## COLLECTED MATERIAL
---*---

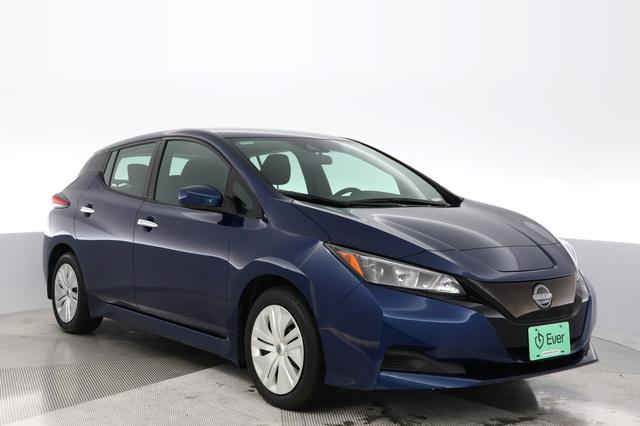 2025 Nissan LEAF — photo 9 of 18
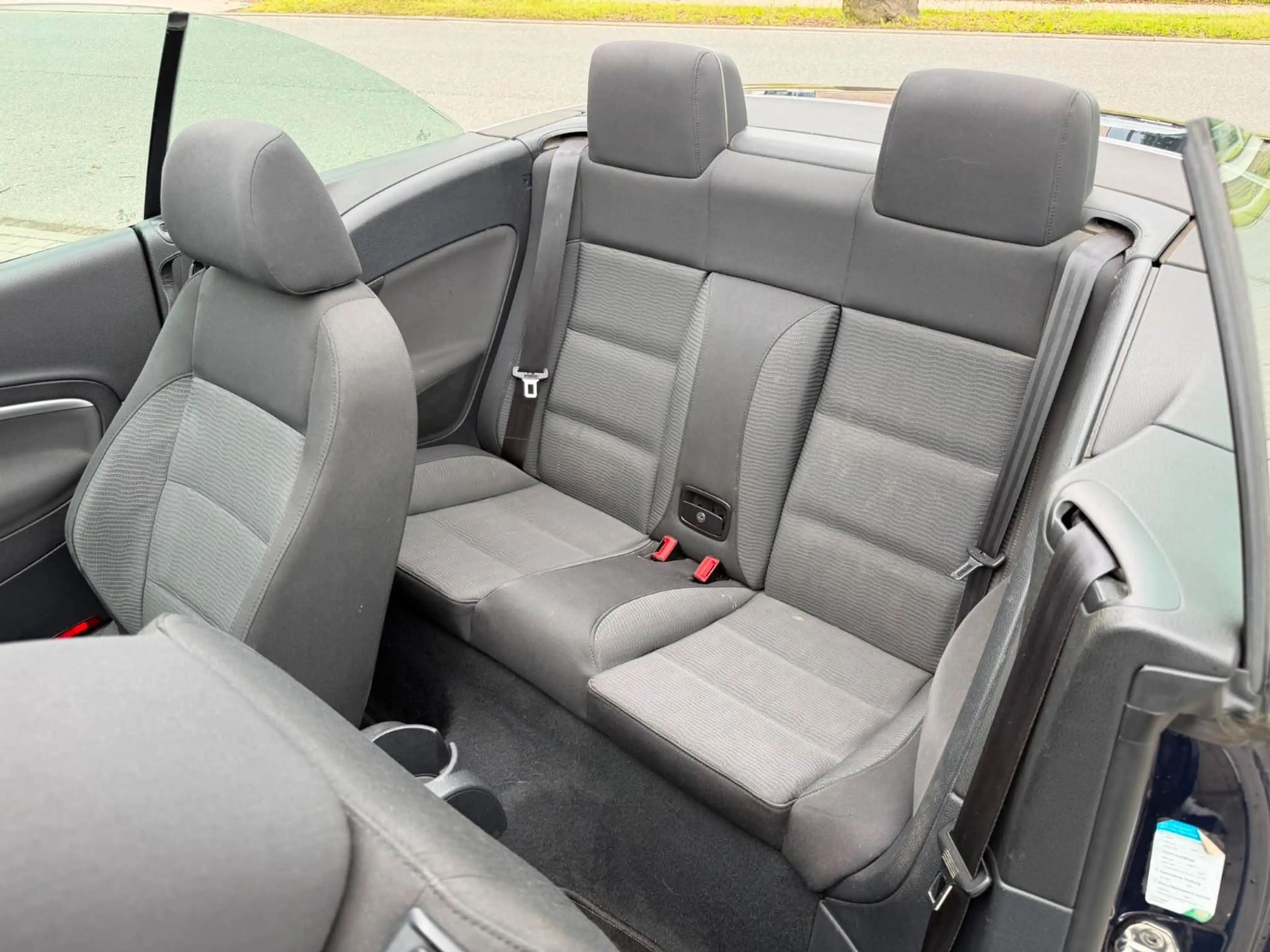 Volkswagen Eos 1.4 TSI Basis SD Standhzg. SHZ PDC Klima — photo 11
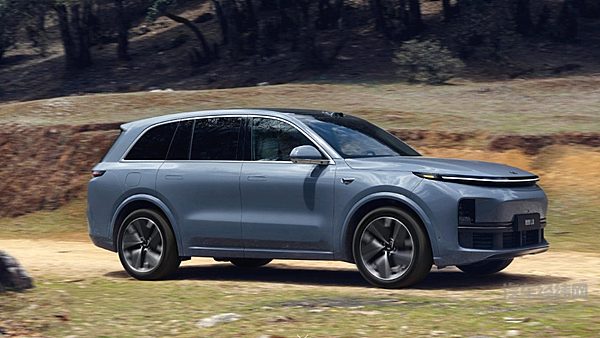 理想 L 系列公布双线产品矩阵 旗舰与高端 SUV 并行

---*---

## PROBLEM REQUIREMENTS
Print the material above once more, exactly. No pictures belong in it.

## FINAL ANSWER
 2025 Nissan LEAF — photo 9 of 18
 Volkswagen Eos 1.4 TSI Basis SD Standhzg. SHZ PDC Klima — photo 11
 理想 L 系列公布双线产品矩阵 旗舰与高端 SUV 并行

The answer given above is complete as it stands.